A não identificação da terceira família pela SIC pode ser uma forma de tentar evitar a ação antecipada da Proteção de Menores, já que esta não conhece a identidade de todas as famílias que foram filmadas para os sete episódios desta temporada do Supernanny. Recorde-se que tanto no caso do primeiro episódio como no de outra família cujo episódio ainda não foi emitido, houve familiares das crianças que se dirigiram, preocupados, à Comissão Nacional de Promoção dos Direitos e Proteção de Crianças e Jovens por as terem reconhecido nas 'promos' que a SIC pôs no ar e no site do programa, iniciando assim o processo de promoção e proteção dos menores em causa.
O que, precisamente, ainda se encontra no site do programa são as imagens da menina do primeiro episódio, tanto no programa completo como em teasers - cuja eliminação a CPCJ de Loures e os pais requereram à SIC. Esta, recorde-se, respondeu não reconhecer à Proteção de Menores legitimidade para efetuar o pedido. A recusa de retirar as imagens valeu à empresa um inquérito crime por desobediência, anunciado na quarta-feira pelo MP.
"Filhos não são coisas dos pais"
A SIC deverá tentar fazer valer, em sua defesa, os termos dos contratos assinados com os pais das crianças, os quais autorizam a utilização das imagens em várias plataformas. Ao que o DN conseguiu saber, os contratos não contêm qualquer cláusula prevendo a possibilidade de mudança de ideias dos pais. Mas há entendimentos jurídicos no sentido de estes contratos poderem ser considerados nulos, por neles os progenitores disporem de algo, o direito à privacidade e dignidade dos filhos, que não está na sua livre disponibilidade.
Algo que, num acórdão de Junho de 2015, o Tribunal da Relação de Évora deixa claro, afirmando ser "uma obrigação dos pais, tão natural quanto a de garantir o sustento, a saúde e a educação dos filhos", a do "respeito pelos demais direitos, designadamente o direito à imagem e à reserva da vida privada".
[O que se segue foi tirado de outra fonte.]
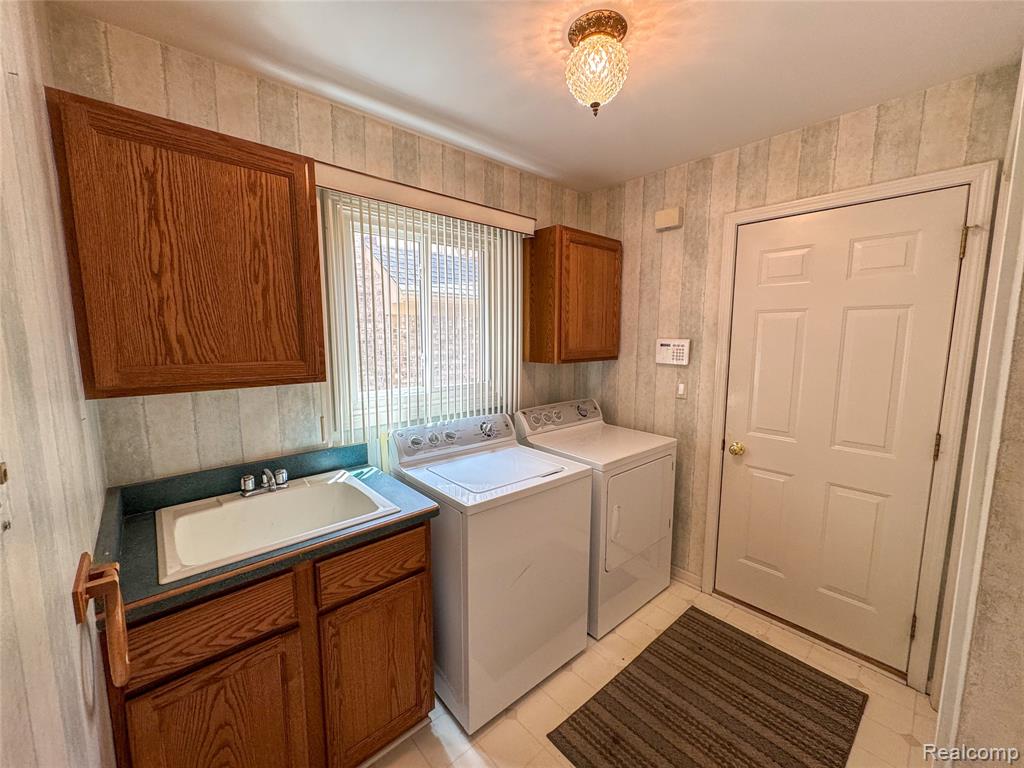 45325 Stonehedge Drive, Plymouth, MI 48170 — Photo 10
E prossegue: "Na verdade, os filhos não são coisas ou objetos pertencentes aos pais e de que estes podem dispor a seu belo prazer. São pessoas e consequentemente titulares de direitos. Se por um lado os pais devem proteger os filhos, por outro têm o dever de garantir e respeitar os seus direitos. É isso que constituiu o núcleo dos poderes/deveres inerentes às responsabilidades parentais e estas devem ser sempre norteadas, no "superior interesse da criança", que se apresenta, assim, como um objetivo a prosseguir por todos quantos possam contribuir para o seu desenvolvimento harmonioso: os pais, no seu papel primordial de condução e educação da criança; as instituições, ao assegurar a sua tutela e o Estado, ao adotar as medidas tendentes a garantirem o exercício dos seus direitos e a sua segurança."
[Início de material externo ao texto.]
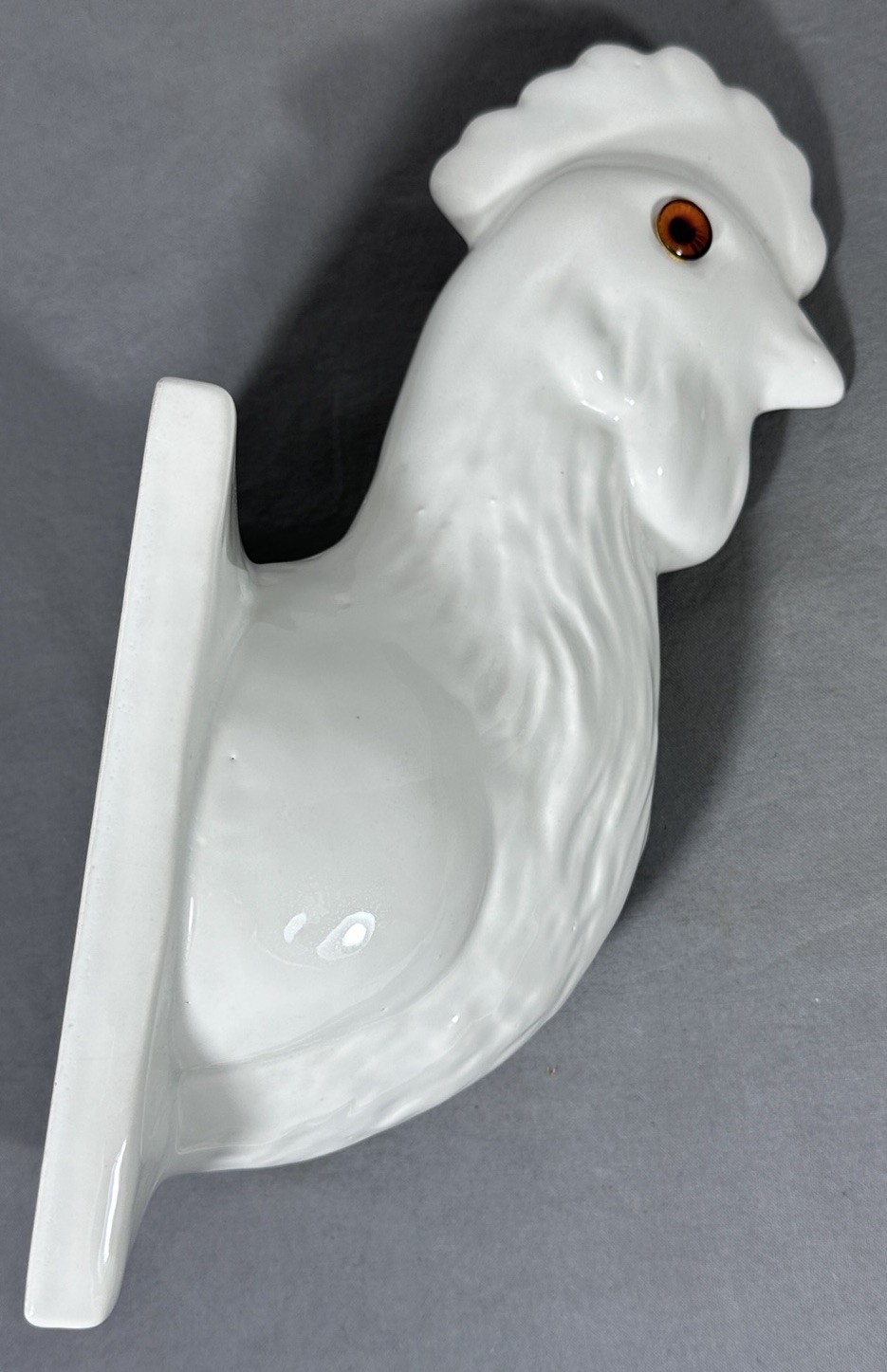French Country Chicken Rooster Apron Holder White Ceramic Wall Mount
Levanta-se ainda uma outra questão: a de saber se, uma vez que os pais da criança retratada no primeiro episódio revogaram a sua autorização ao solicitar, associando-se à CPCJ de Loures, a retirada das imagens da filha do domínio público, a SIC, ao mantê-las, não está a incorrer no crime de "Gravações e fotografias ilícitas" (artigo 99º do Código Penal), que prevê pena de prisão até um ano para quem, contra a vontade do retratado, "utilizar ou permitir que se utilizem fotografias ou filmes, mesmo que licitamente obtidos."